Saturday, November 26, 2016


Holiday meals go better with pickles! Something tangy to prickle the taste buds and contrast with rich foods. I like to make small batches of pickles and relishes and keep them in the fridge, ready to accompany a special dinner.

Pickled onions and marinated mushrooms are good accompaniments to a selection of pâtés.

The mango chutney I made a few weeks ago was the perfect foil for turkey sandwiches. Thinking ahead to a drinks party—wine, cheese and pâté—I’m fixing some new pickled vegetables to go with it. One is marinated mushrooms. The other, scarlet-pickled onions, will also look festive with Christmas menus.

Pickled oyster mushrooms in the center and two kinds of pickled onions. These are not true conserves, meant for long keeping, but small-batch pickles to keep in the fridge for several weeks.

Bright flavors and colors provide contrast for holiday meals.

Mushrooms marinate with garlic, peppers, onion and herbs.

Red beets color the small onions.

Pickled Mushrooms
Setas en Escabeche

Pickled mushrooms go with grilled foods and make a tangy addition to salads.

Country folk who forage for wild mushrooms have various ways of preserving them, by drying, by pickling. This recipe is not a real preserve, but it keeps well, refrigerated, for up to 2 weeks. Spoon the marinated mushrooms over grilled steak or add them to salads or soup.

Oyster mushrooms work especially well, but you can use any variety of wild or cultivated mushroom. Slice or pull apart large ones.

1 pound oyster mushrooms
¼ onion, sliced from stem to root
2 cloves garlic, slivered
¼ cup slivered red bell pepper
1-inch piece of dried red chile
Strip of lemon zest
1/8 teaspoon black peppercorns
1/8 teaspoon dried thyme
Pinch celery seeds
1 bay leaf
¼ cup extra virgin olive oil
¼ cup Sherry vinegar
2 teaspoons salt

Wipe the mushrooms to clean off any soil.
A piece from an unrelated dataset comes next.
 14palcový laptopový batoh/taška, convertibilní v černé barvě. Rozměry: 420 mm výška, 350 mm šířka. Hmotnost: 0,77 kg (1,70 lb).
Trim away hard stems. Cut large ones into 2 or 3 pieces.

Place in a pan onion, garlic, bell pepper, chile, lemon zest, peppercorns, thyme, celery seeds, bay, oil, vinegar, salt, and 2 cups of water. Bring to a boil and cook for 5 minutes.

Add the mushrooms to the pan. Bring again to a boil, then simmer, uncovered, about 30 minutes.
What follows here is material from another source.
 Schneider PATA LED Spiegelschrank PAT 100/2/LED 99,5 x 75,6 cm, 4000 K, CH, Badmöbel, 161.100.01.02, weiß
Let the mushrooms cool in the liquid 30 minutes. Ladle mushrooms into a glass jar or other non-reactive container. Add enough of the pickling liquid to completely cover them. Cover the container and allow to marinate, refrigerated, at least 24 hours. Keeps up to 2 weeks.

To serve, drain the mushrooms from liquid and serve at room temperature.

Scarlet-Pickled Onions
Cebolletas Escarlatas

Pickles complement rich pâté.

In La Mancha (central Spain) I enjoyed the partridge pâté, a regional specialty. There the pâté usually comes garnished with scarlet-pickled onions. Colored with red beets, the onions make a nice contrast to smooth and unctuous foods such as pâté, but they also add pizzazz to salads or burgers.
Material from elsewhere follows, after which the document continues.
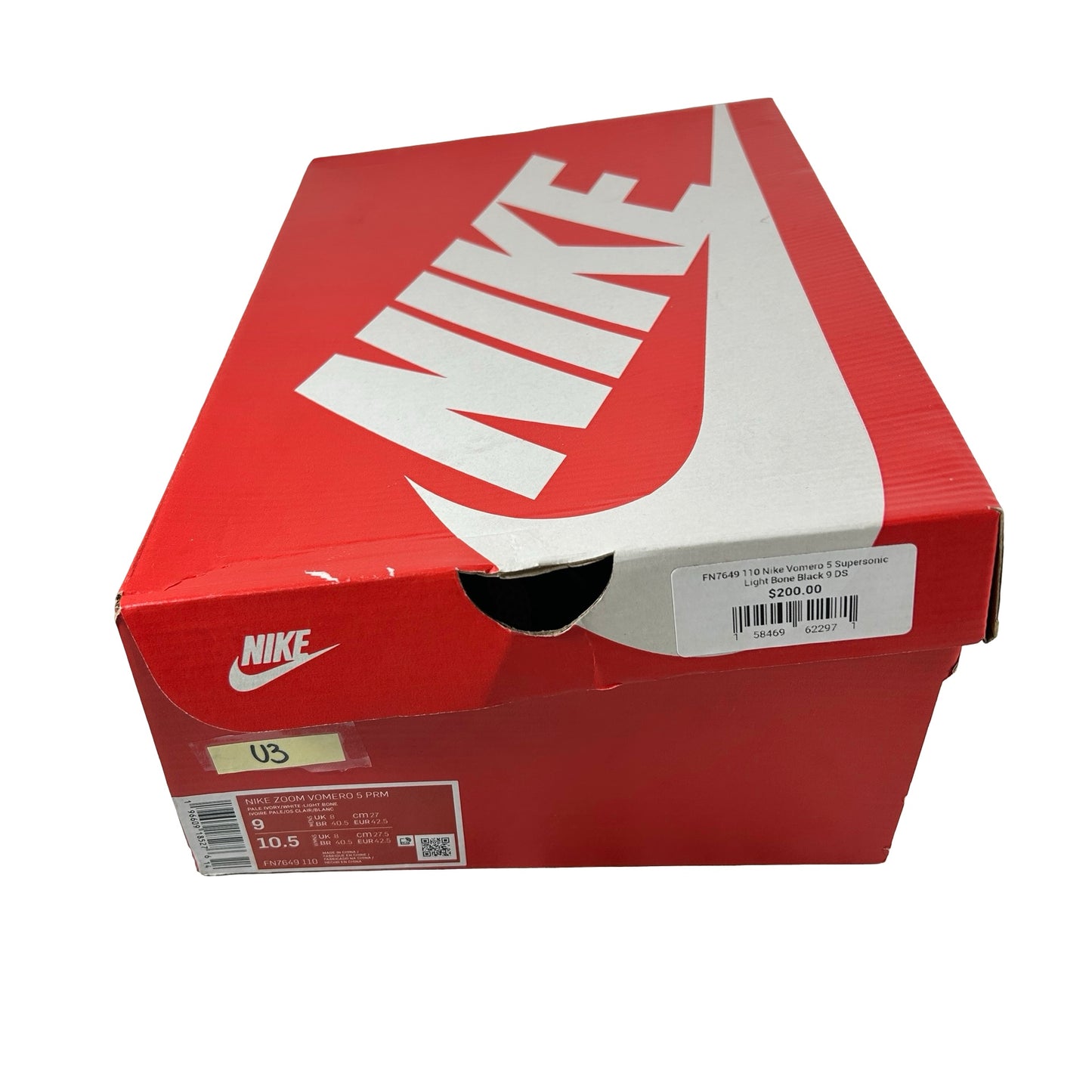 FN7649 110 Nike Zoom Vomero 5 Supersonic Light Bone Black [USED] - 9 M (Used3)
Soaking the whole onions in brine makes it easier to slip off the skins—and fewer tears, too.

1 ½ pounds small (1 ½-inch) yellow or white onions (about 32 onions)
1 ½ tablespoons coarse salt
1 medium beet (5 ounces), peeled and quartered
4 cloves
1 cup wine vinegar

Sprinkle the onions with ½ tablespoon salt and cover with water. Let soak for 3 hours. Drain the onions. Peel them, trim root ends, and cut a thin slice off tops.

Place onions in a non-reactive bowl and add water to cover. Sprinkle with ½ tablespoon of salt. Allow the onions to soak for 24 hours. Drain and rinse them.

Combine in a saucepan the remaining ½ tablespoon salt, quartered beet, cloves, vinegar, and 2 ½ cups water. Bring to a boil and cook 5 minutes. Add the onions and cook gently for 10 minutes.

Skim out the beets and reserve them for another use.

Ladle the onions into sterile jars and pour the pickling liquid over them. Allow the jars to cool.

Refrigerate the jars of pickled onions. The onions are ready to eat in 5 days. They keep, refrigerated, up to 3 months.